When you look at the markets and the economy today, it’s amazing how different things feel than they did a year ago. Hopes for widespread adoption of COVID-19 vaccines and a host of fiscal and monetary incentives has many economists forecasting the most significant growth in 2021 we have seen in decades. In contrast, the spring of 2020 was filled with dire economic forecasts of global depression and economic consequences for years into the future.
Unsurprisingly, many people sought financial measures to cushion the blow. People who lost their jobs during the economic stalemate had to wait weeks and months for unemployment benefits to arrive. Even those who continued to have their sources of income found the need to cushion their bank accounts under the face of darker days ahead. For many, this meant taking on distributions of 401k and IRA accounts.
In any normal year, a distribution of deferred tax assets from a retirement account is taxable in the year in which it is distributed. Additionally, Distributions before the age of 59 ½ years (with a few exceptions) are subject to additional taxation, usually 10%.
However, an exception has been introduced under the CARES Act that can give people more flexibility and potentially less taxes on distributions from these plans. The specific terms apply to a redefined element called “Coronavirus Related Distribution (CRD)”. Distributions falling into this category up to a total of $ 100,000 made between January 1, 2020 and December 30, 2020 may receive three specific types of special treatment.
CRD Special Treatment 1: Distribution of Income
As noted above, retirement benefit distributions are typically taxed as income in the year they are drawn. However, distributions that are considered to be coronavirus-related can span 3 years.
Example: Gary took over a distribution from his IRA from $ 30,000 in January 2020. He determines that he would be eligible for a CRD. He may report $ 10,000 of that distribution as income in 2020, another $ 10,000 in 2021, and finally another $ 10,000 in 2022.
Assuming that someone has to make such a distribution under unfavorable financial conditions, it can be very helpful to spread taxation over the distribution, especially as conditions for the taxpayer improve in the years to come.
The 3 year tax treatment is not required – and someone who made a distribution from their IRA or 401 (k) in 2020 to cover their loss of income might consider treating EVERYTHING as a 2020 distribution for tax purposes, in particular if he regains his earned income in future years. If you take it all in a year when income was lower, the marginal tax rate paid may decrease.
CRD special treatment 2: No withholding tax required
Distributions from qualifying plans like 401,000 generally require a 20% withholding tax. It doesn’t help if someone doing an emergency distribution has to withhold so much, especially if they are able to spread the tax over 3 years. Therefore, plan administrators who distribute money for CRDs did not have to withhold federal tax on those distributions.

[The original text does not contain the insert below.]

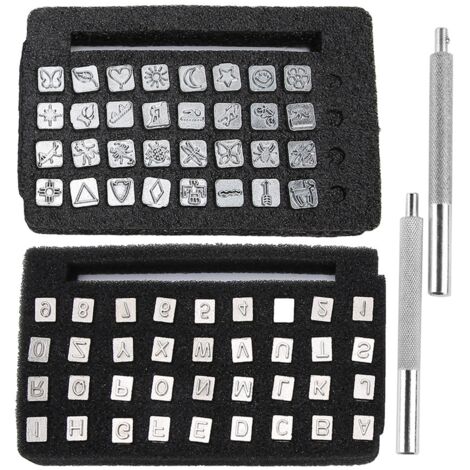Poinçon en alliage de zinc pour impression sur cuir DIY, outil de gaufrage lettre/chiffre 6mm motifs insectes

CRD special treatment 3: No penalty for early withdrawal
Coronavirus-related distributions are not subject to the normal 10% penalty for taxpayers who make distributions before the age of 59 ½ years. In our example above, Gary wouldn’t have to pay the 10% additional tax even if he were 30 years old in 2020.
CRD Special Treatment 4: Repayment is an advantage
One final exception to the rules is the repayment of a coronavirus-related distribution. Typically, when you take money out of an IRA or Eligible Plan, it must be returned within 60 days to qualify as an “indirect rollover”. These can only be carried out once in a twelve-month period. However, CRDs can be repaid at any time during the three-year period for 2020, 2021 and 2022. This not only enables more flexibility in terms of taxation. it can Helping people reverse the damage early withdrawal has done to their retirement plans.
Example: Vicki took $ 60,000 from her IRA in 2020. She opted for the three-year tax treatment and paid income tax on $ 20,000 on distributions on her return in 2020 and an additional $ 20,000 on her return in 2021. In 2022, she received an inheritance and decided to withdraw her CRD distribution of USD 60,000 to be repaid. She won’t owe the taxes for the portion of 2022 that would have been $ 20,000. She can also amend her 2020 and 2021 tax returns to include the tax she paid on the other $ 40,000.
What exactly qualifies a distribution as a CRD? This answer is not very clear. The IRS lists some specific items This would entitle a taxpayer to make distributions even if they had a COVID-19 diagnosis or was in their household, or if they were on leave, laid off or unable to work due to COVID.
It is interesting, however, that distributions can qualify until January 1, 2020 if nobody would have fallen into those categories. The IRS guidelines specifically state that additional guidelines can be issued to expand the list of factors that would qualify a person for CRDs. If you have a question about whether your distributions may qualify in 2020, get an opinion from your tax advisor first, and then work with your advisor to see if you benefit from the CRD regulations.
If you qualify, there is a special form that was only available in final form from the IRS a few weeks ago. You can use Form 8915-E to report a CRD and choose tax treatment.
Indeed, 2020 was a year of great uncertainty and upheaval. CRDs are one of several ways the U.S. government has mitigated some of the impact. Use this provision if you can!